Abarrote en el armario de la aldea

Los homosexuales del rural gallego empiezan a reivindicar su orgullo, pero los prejuicios hacen que la mayoría huya o decida esconder por siempre su condición

Este año, el Xantar pola Visibilidade Homosexual no Rural se iba a celebrar en Piñor. La organización quería homenajear a dos vecinos, ya mayores, que durante décadas sufrieron persecución por el hecho de quererse. "El anterior alcalde les llegó a cortar la luz sólo porque eran pareja", comenta Fito Ferreiro, coordinador del grupo LGTB (Lesbianas, Gais, Transexuales y Bisexuales) del PSOE en Galicia, "pero ahora, después de los cambios en el Ayuntamiento, al fin viven tranquilos". Por eso, en el último momento, LGTB decidió buscarse otra localidad, Castrelo de Miño. Quizás era demasiado pronto y en Piñor podían abrirse las viejas heridas.

El armario rural está a reventar. La mayoría disimula de por vida o escapa a ciudades que casi nunca son Ourense y Lugo. Hace falta algo más de quórum para sentirse libre, "y en Galicia sólo se puede encontrar en Vigo, A Coruña o Santiago", donde hay más visibilidad y algunos locales de ambiente. "En el rural, y más en las villas medianas que en las aldeas, manda la ley del silencio. Están los que se mueren sin querer saber que son homosexuales", asegura Ferreiro. Y "hay muchísimos que llevan cómodamente una doble vida", comenta Juan Carlos Beceiro, ganadero y militante del orgullo gay desde que hace un año salió del armario "a lo grande, anunciándolo por la TVG" en Monterroso. "En el pueblo pasean con la mujer y los hijos, y luego van a buscarse sus historias a determinados puntos de encuentro". Los jóvenes, para conocer gente, recurren a internet, pero "los de mediana edad o más" utilizan otros métodos más tradicionales, como, por ejemplo, "un molino abandonado que hay en Lalín, un área de servicio de Coirós, o los propios baños de la estación de A Coruña".

Muchos "se mueren sin reconocerlo", o eligen llevar "una cómoda doble vida"

"Yo también hacía comentarios homófobos para no sentirme marginado"

En Ourense y Lugo son mayoría los matrimonios entre mujeres

"El anterior alcalde les cortó la luz sólo por el hecho de vivir en pareja"

Beceiro no tiene conciencia del momento en que se dio cuenta de su condición.
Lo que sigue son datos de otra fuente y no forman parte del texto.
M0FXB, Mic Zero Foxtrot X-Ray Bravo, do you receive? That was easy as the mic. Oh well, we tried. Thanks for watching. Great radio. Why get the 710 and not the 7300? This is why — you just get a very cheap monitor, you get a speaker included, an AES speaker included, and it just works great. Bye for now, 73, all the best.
Su familia lo internó en las monjas de Monterroso a los cuatro años y "desde siempre" se dedicó a fingir lo que no era. "Como no tengo pluma, pocos amigos de la pandilla lo sabían. Y cuando hacían bromas y comentarios homófobos, yo también los hacía para no sentirme marginado". El primer Xantar pola Visibilidade, en 2009, fue en buena parte cosa suya, y por él se celebró en Monterroso. Aprovechó la ocasión para abandonar el ropero y conoció además a su pareja actual, el músico Manu Clavijo. Se fue a vivir con él a A Coruña. Aún así, todavía después, para conseguir trabajo en una cooperativa agraria de Betanzos, el ganadero ocultó su tendencia sexual, y hoy mucha gente sigue preguntándole si tiene novia. Otros le "retiraron el saludo" de por vida. En septiembre del año que viene, cuando él tenga 34, la pareja planea casarse.
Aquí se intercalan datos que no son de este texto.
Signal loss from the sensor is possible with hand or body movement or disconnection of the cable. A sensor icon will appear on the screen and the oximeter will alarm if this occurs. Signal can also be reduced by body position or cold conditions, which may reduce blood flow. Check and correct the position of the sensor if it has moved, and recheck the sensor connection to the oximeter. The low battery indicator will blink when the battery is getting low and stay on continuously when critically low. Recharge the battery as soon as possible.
En 2009, en Galicia, contrajeron matrimonio 92 parejas homosexuales. En A Coruña fueron 46 (31 enlaces de hombres y 15 de mujeres); en Pontevedra, 29 (18 masculinos y 11 femeninos); en Ourense, nueve y en Lugo ocho. En estas dos últimas provincias, curiosamente, ganaron las bodas entre lesbianas (seis en cada caso). Los matrimonios entre personas del mismo sexo sólo suponen el 0,85% de todos los enlaces y, sin embargo, el porcentaje de población homosexual que está más comúnmente aceptado es el del 10%. La inmensa mayoría de los que quieren casarse lo hacen en las ciudades, y a pesar de eso, lo normal es que no les vaya nadie a la ceremonia. Algunos, por poner tierra de por medio, hasta se van a Madrid a casar. "Pedro Zerolo", dice Fito Ferreiro, "cuenta que lo normal es que a las bodas acudan sólo los novios y dos testigos. La gente todavía se casa en secreto".
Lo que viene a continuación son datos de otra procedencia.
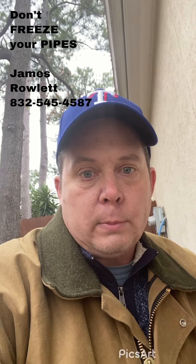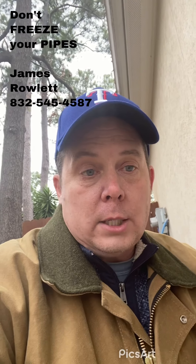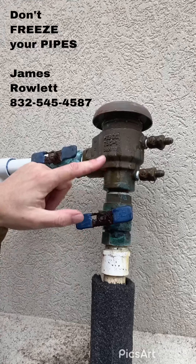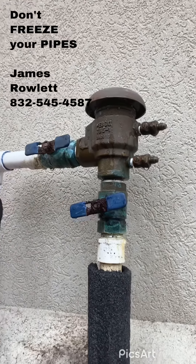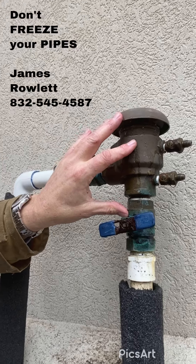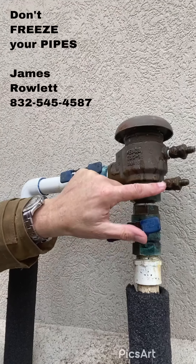After you block that, go into your garage or wherever your control panel is for your sprinkler system. Turn it on to the first station. The water's coming up, it's blocked here, and it's going to bleed all the pressure down through the rest of the system. Now ideally, water shouldn't be here.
Los xantares por la visibilidad que organiza el PSdeG están sirviendo para que algunos vecinos que vivían fingiendo decidan salir a la luz. "Unos días después de la fiesta, siempre te llama alguien del pueblo o llegan correos electrónicos", explica Ferreiro, que reconoce que precisamente los políticos no dan ejemplo en este asunto. "La mayoría de los políticos se quedan dentro del armario, y eso es tanto en el rural como en la ciudad". Los grupos más vulnerables, de todas formas, son las mujeres y los adolescentes. Las lesbianas no suelen elegir la doble vida, "lo que hacen es quedarse en casa", cuidando a sus mayores. La huida a la ciudad es más propia de los varones, aunque, según Ferreiro, haya una ciudad que en los últimos tiempos esté experimentando un incremento notable del número de lesbianas. "Es Ferrol, y gracias a la Armada".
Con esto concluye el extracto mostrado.